Short descriptive text snippets
▬▬▬▬▬▬▬▬▬▬

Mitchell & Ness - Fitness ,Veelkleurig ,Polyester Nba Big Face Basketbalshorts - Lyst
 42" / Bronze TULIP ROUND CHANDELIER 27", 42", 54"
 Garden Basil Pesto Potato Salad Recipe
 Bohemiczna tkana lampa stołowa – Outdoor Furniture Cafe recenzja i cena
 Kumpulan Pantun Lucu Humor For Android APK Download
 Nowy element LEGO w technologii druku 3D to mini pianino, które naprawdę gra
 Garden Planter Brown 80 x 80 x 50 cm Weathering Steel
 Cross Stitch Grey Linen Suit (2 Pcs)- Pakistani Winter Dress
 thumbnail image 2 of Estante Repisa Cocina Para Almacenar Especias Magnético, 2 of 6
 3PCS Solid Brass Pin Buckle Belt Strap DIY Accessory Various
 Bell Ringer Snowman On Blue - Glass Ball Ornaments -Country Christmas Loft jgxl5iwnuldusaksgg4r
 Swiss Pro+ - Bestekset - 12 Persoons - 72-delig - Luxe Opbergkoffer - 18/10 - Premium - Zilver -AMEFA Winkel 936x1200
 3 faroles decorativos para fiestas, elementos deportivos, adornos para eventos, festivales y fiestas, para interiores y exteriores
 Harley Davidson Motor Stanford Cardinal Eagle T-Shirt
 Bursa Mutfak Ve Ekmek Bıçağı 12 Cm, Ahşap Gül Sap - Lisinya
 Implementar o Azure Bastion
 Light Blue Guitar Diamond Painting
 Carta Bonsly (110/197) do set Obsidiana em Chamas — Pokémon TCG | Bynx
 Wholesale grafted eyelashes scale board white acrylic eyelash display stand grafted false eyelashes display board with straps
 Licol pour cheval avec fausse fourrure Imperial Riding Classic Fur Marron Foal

▬▬▬▬▬▬▬▬▬▬

What you will do.
Please write out exactly the lines from the start of the data through the line that contains "Kumpulan Pantun Lucu", both ends included, and nothing else.

Problem solution.
Mitchell & Ness - Fitness ,Veelkleurig ,Polyester Nba Big Face Basketbalshorts - Lyst
 42" / Bronze TULIP ROUND CHANDELIER 27", 42", 54"
 Garden Basil Pesto Potato Salad Recipe
 Bohemiczna tkana lampa stołowa – Outdoor Furniture Cafe recenzja i cena
 Kumpulan Pantun Lucu Humor For Android APK Download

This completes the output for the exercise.